Propagation des hypertrucages et utilisation d’un bot Telegram coréen
Le 22 août, le média Hankyoreh a évoqué l’existence d’un bot Telegram coréen permettant, en un seul clic et pour quelque 650 wons (44 centimes d’euros), de créer un « deepfake » pornographique de n’importe qui. Un service alors utilisé par près de 227 000 individus.
Révélations et partage de deepfakes via Telegram
Les enquêtes d’internautes et de journalistes se multiplient, révélant une myriade de chaînes Telegram dévolues au partage d’hypertrucages sexuels de jeunes Sud-Coréennes.
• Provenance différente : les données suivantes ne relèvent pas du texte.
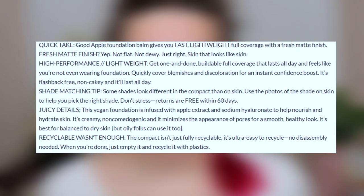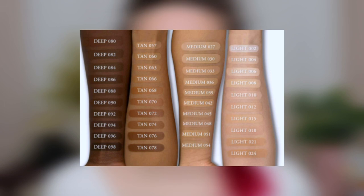Today I'm going to be reviewing the viral KVD Good Apple Foundation. I ordered mine on Sephora's website — I saw that they had a couple of the light shades in stock. This was the lightest one they had and I'm like, I don't know if this is going to work for me. But I swatched it on my face and I think it'll be okay. I got mine in the shade Light 012, for light skin tones with neutral undertones. This foundation has blown up on TikTok — it is seriously sold out all over the place, so I was quite shocked to find it on Sephora's website and I jumped on this bandwagon real quick.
Certaines victimes sont principalement issues de l’entourage des agresseurs.
Ciblage des établissements scolaires par les réseaux Telegram
Les établissements scolaires restent les cibles principales de cette constellation de réseaux Telegram. Les canaux se concentrent notamment sur des collèges, lycées et universités, gérés par de jeunes élèves de ces établissements. Un collectif nommé DataSec a même cartographié les écoles supposément ciblées par ces canaux.